To be, or not to be, that is the question—
Whether ’tis nobler in the mind to suffer
The slings and arrows of outrageous fortune,
Or to take arms against a sea of troubles,
And by opposing, end them?

~Prince Hamlet

Google ‘Getty Images’ and ‘demand letter’ and you’ll have your pick of vitriol-laced horror stories to choose from. The storylines vary case-by-case, but the narrative is usually the same: Getty Images is a predatory company that’s made an unscrupulous art form out of extorting millions of dollars from unsuspecting Internet-goers. Most of the accounts you’ll read go something like this: someone unwittingly uses an image from the company’s library without permission on his/her website, social media page or blog, triggering a pernicious demand letter containing sweeping allegations of copyright infringement. The demand letter then seeks compensation in an amount significantly above what most consider reasonable—but below what’s usually worth hiring a lawyer to mount a defense over—in exchange for the matter being dropped; leading ultimately to the response de rigueur of “just pay the bastards.”

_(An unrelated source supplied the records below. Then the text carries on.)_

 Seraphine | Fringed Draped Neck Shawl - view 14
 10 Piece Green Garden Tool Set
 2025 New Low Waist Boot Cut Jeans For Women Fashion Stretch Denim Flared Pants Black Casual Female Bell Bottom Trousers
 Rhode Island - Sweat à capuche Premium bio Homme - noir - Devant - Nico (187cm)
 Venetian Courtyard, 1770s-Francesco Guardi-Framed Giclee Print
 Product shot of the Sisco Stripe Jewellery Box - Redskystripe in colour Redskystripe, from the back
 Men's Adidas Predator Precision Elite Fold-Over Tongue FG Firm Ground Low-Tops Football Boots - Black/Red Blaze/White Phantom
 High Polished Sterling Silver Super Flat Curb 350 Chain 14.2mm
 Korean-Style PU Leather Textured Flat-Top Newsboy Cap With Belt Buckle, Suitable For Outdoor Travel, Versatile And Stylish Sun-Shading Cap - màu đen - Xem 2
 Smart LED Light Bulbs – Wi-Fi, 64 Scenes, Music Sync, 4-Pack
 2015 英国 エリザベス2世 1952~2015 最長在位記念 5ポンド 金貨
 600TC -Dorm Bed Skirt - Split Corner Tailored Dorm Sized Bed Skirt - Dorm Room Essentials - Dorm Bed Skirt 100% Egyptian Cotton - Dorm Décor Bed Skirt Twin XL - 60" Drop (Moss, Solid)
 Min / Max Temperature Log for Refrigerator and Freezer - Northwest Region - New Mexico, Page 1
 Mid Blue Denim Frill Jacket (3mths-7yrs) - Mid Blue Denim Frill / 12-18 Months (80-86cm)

It’s this perceived extortion as a business model that invokes such public hostility, has given rise to entire online gripe communities, and why, I suspect, if you’re conducting an opinion poll among Internet users asking what word best describes the Seattle-based company, you’ll get responses like “unreasonable,” “bully” and maybe even “criminal.” The negative sentiment runs deep, and was on full display recently when a particularly able-bodied recipient of one such demand letter (an intellectual property law firm), responded with a lawsuit of its own. The public’s jubilant response to the prospect of Getty getting some comeuppance sent a loud and clear message: Getty Images is the company everyone loves to hate.

But is Getty really the villain people make it out to be? Or is it merely a misunderstood company doing what it can to protect its interests and guard its digital property in this age of point, click and copy?

A Getty state-of-mind

Getty, along with its network of subsidiaries like iStock and Thinkstock, own the rights to over 80 million images in their combined libraries and archival collections. These images range from the mundane and everyday, to the timeless and truly iconic. Combine these still images with millions of hours of stock video footage and stock music, and the profile of a company with a lot of capital invested in intellectual assets—and a lot to lose from the theft of those assets—becomes apparent.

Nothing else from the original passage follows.